> _TASK DIRECTIONS_: Repeat each record exactly, skipping the pictures.
☆ ☆ ☆ ☆
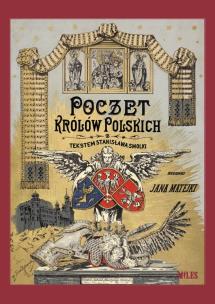 Okładka książki Poczet królów polskich
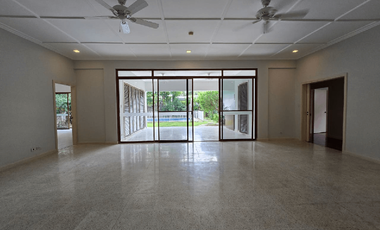 4BR House for Rent in Urdaneta Village, Makati - RR0215482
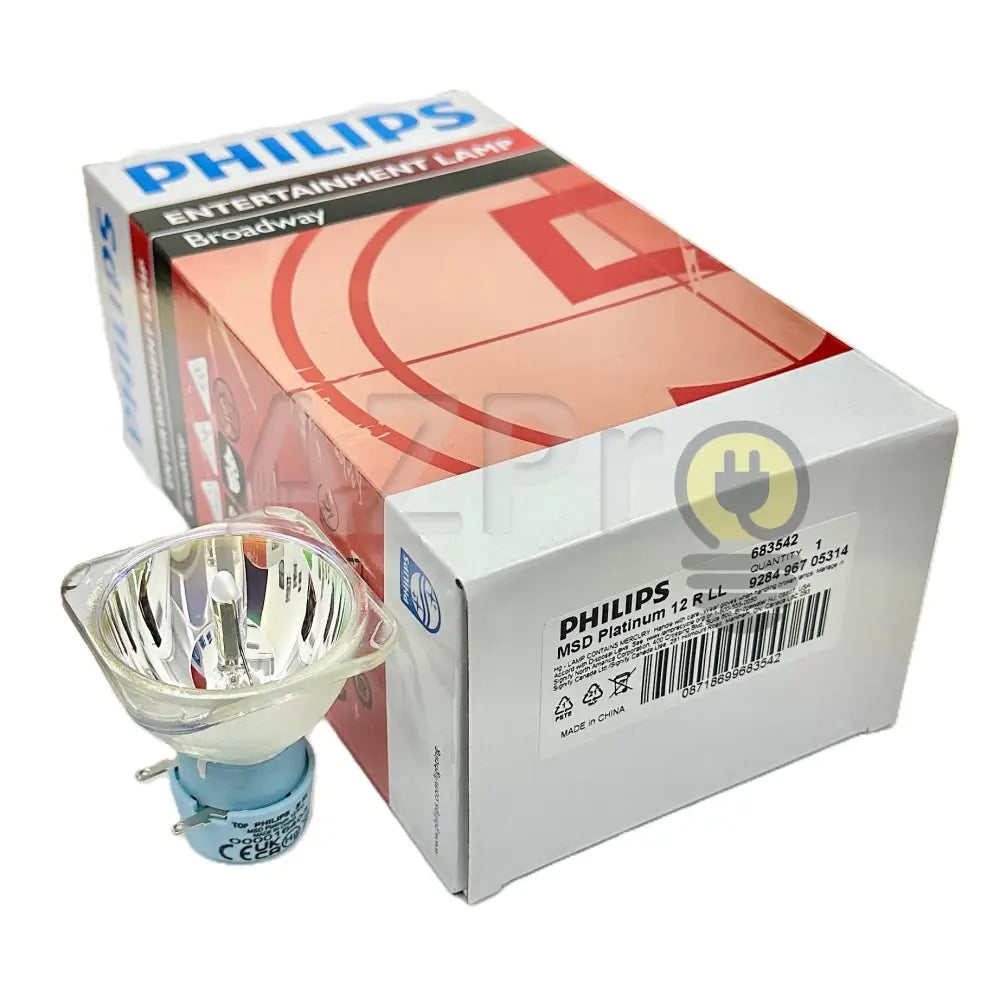 Foco 12R LL Lampara Descarga 260w Beam Msd Platinum Philips Casa y jardín > Iluminación > Focos y reflectores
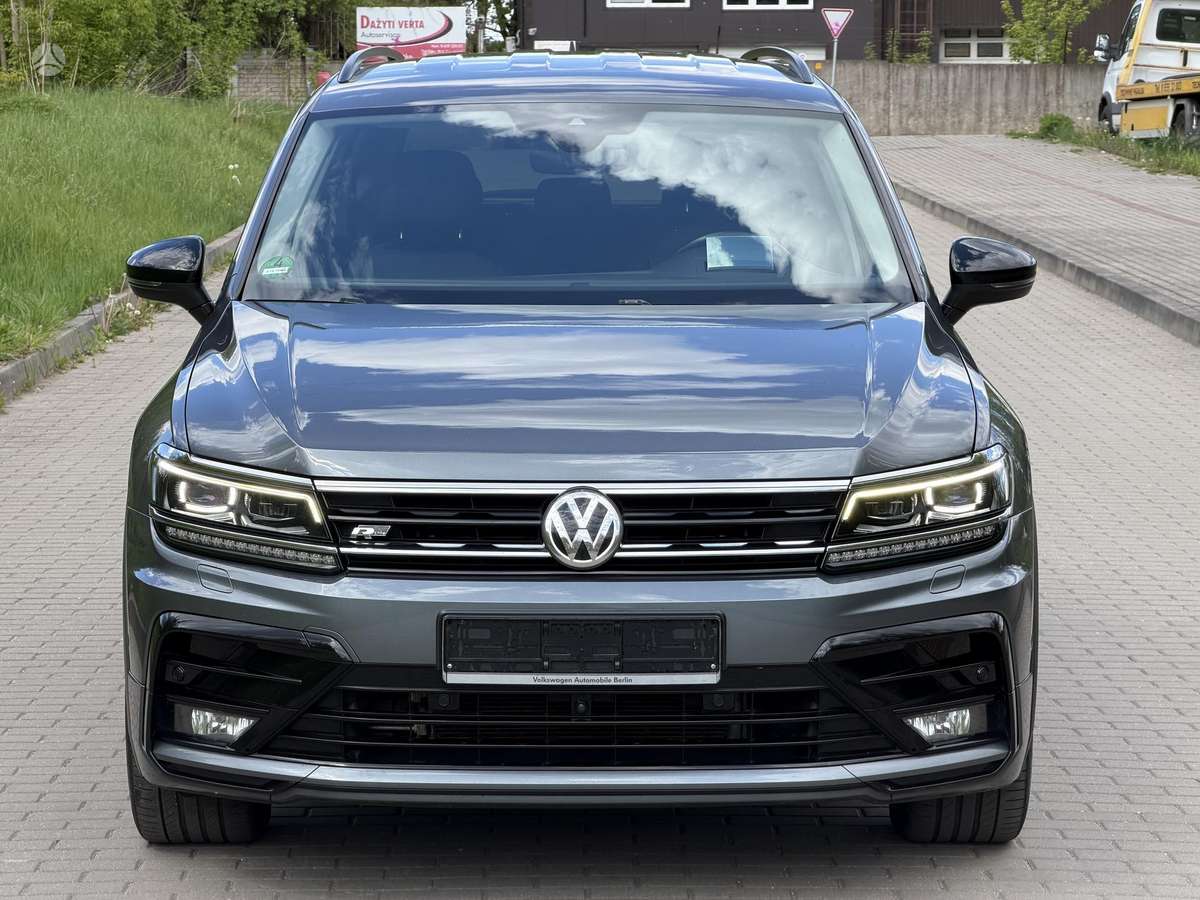 Volkswagen Tiguan - 7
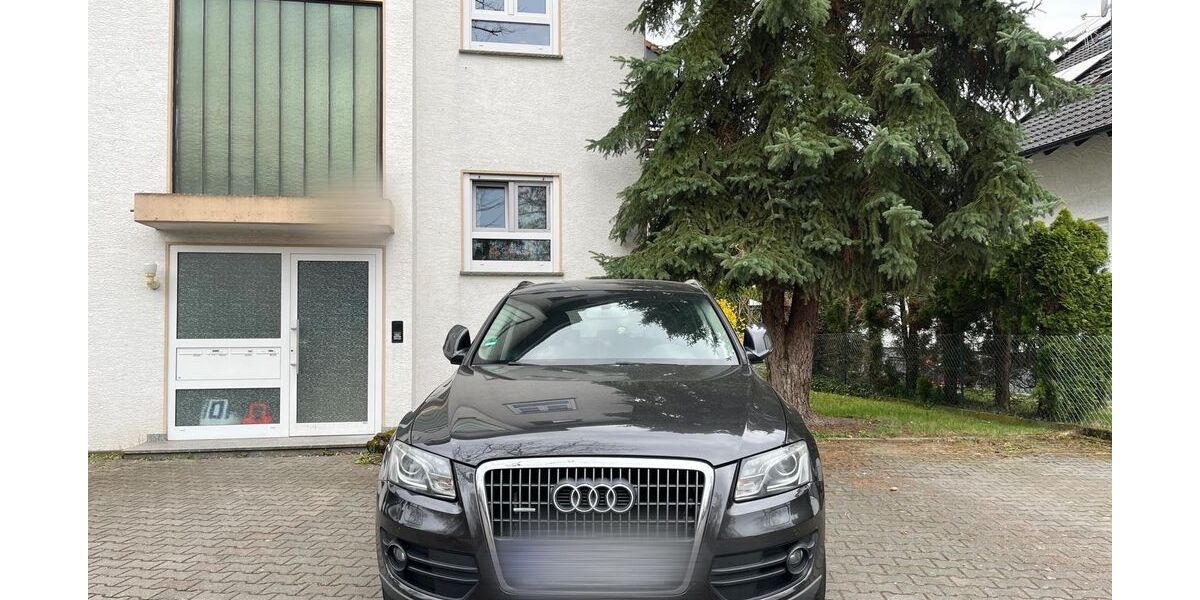 Audi Q5 221.659 km 8.000 &euro; Gross Zimmern 64846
☆ ☆ ☆ ☆
> _RESULT FOR THIS TASK_:
 Okładka książki Poczet królów polskich
 4BR House for Rent in Urdaneta Village, Makati - RR0215482
 Foco 12R LL Lampara Descarga 260w Beam Msd Platinum Philips Casa y jardín > Iluminación > Focos y reflectores
 Volkswagen Tiguan - 7
 Audi Q5 221.659 km 8.000 &euro; Gross Zimmern 64846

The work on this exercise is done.